Tall and Narrow

by wjw on December 13, 2018

IMG_4173Here’s another photo from our 2019 calendar.  This is an interior view of something called the Church of the Savior on the Spilled Blood— lighthearted name, that— in St.  Petersburg, Russia.  It is built on the site where Tsar Alexander II was mortally wounded by a nihilist bomb in 1881.

Alexander was progressive as autocrats go, and reformed the government and freed the serfs.  This, alas, was not progressive enough for the nihilists.  At the dying tsar’s bedside were his son and grandson, Alexander III and Nicholas II, who turned into reactionaries and brought the process of reform to a shuddering halt.  Irony abounds.

The church was built by the two heirs and is, as you can see, very tall and somewhat narrow. (Descriptions that also fit Alexander III and Nicholas.)  The architecture is medieval revival— there was a lot of that going on in the 19th Century (see the Houses of Parliament),  The exterior features brightly-colored onion domes.  Every so often as you wander through the interior, you look up and see an oculus through through which the Virgin Mary or Christ Pantocrator peer at you.  As seems normal for big Russian churches, the whole place is slathered in gold.

The walls have more mosaics than anyplace in the world, apparently, and it’s a shame I didn’t like them more.  They’re an uneasy mix of traditional and modern styles, a combination of bombast and treacle.  (Another apt description of the last two tsars.)

The church was decommissioned after the Bolsheviks took over in 1917.  In World War II it was used to store corpses just arrived from the front, then potatoes.  Though the church has been restored, it hasn’t been resanctified, and only a few memorial services are held there.

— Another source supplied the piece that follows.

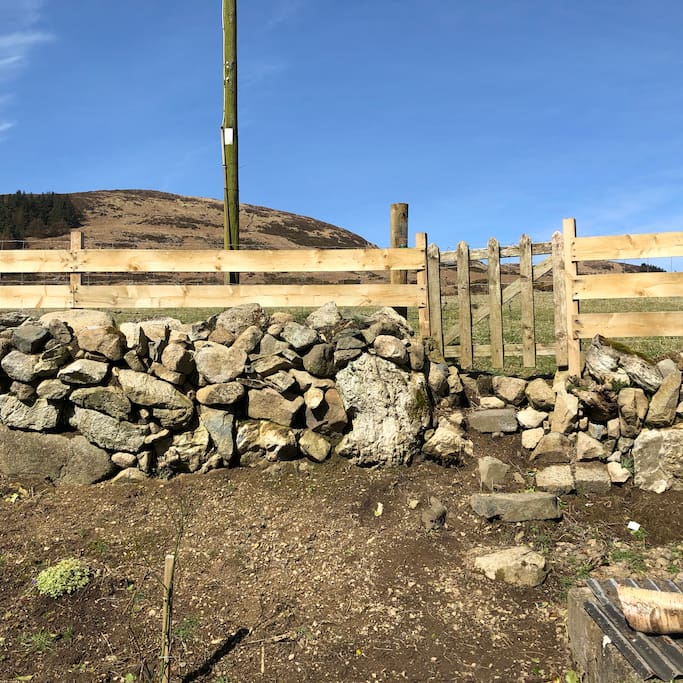 View from the back of the house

Incidentally, I have yet to handle a copy of the calendar.  I ordered a bunch of them on November 27, and by December 4 they were printed and shipped.  According to Federal Express, they were shipped from Chicopee, Massachusetts, and from thence went successively to Middletown, Connecticut, back to Massachusetts at West Springfield, then to Byron NY, Hammond IN, Chicago IL Burbank IL, Brady NE, and Henderson CO.  (I have not even heard of most of these towns.)  They are now en route to Albuquerque, NM, which means they may arrive on my doorstep sometime in the next week.

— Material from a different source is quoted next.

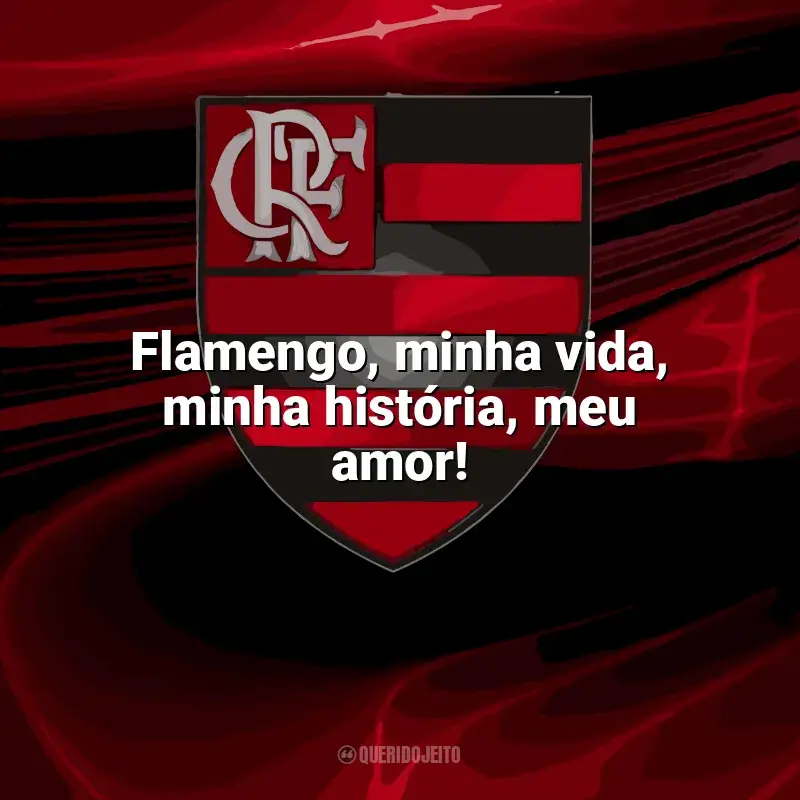 Frases do Flamengo campeão: Flamengo, minha vida, minha história, meu amor!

pixlaw December 13, 2018 at 8:33 am

Walter –

Allow me to make 2 responses: Chicopee Mass is not that far away from Belchertown Mass, where once upon a time I spent a long long winter. However, Chicopee has its own Exit on the Massachusetts Turnpike, so you know it MUST be important.

Secondly, I was amazed to discover that the Czar was killed by a nihilist bomb. Who knew ordinance had political leanings?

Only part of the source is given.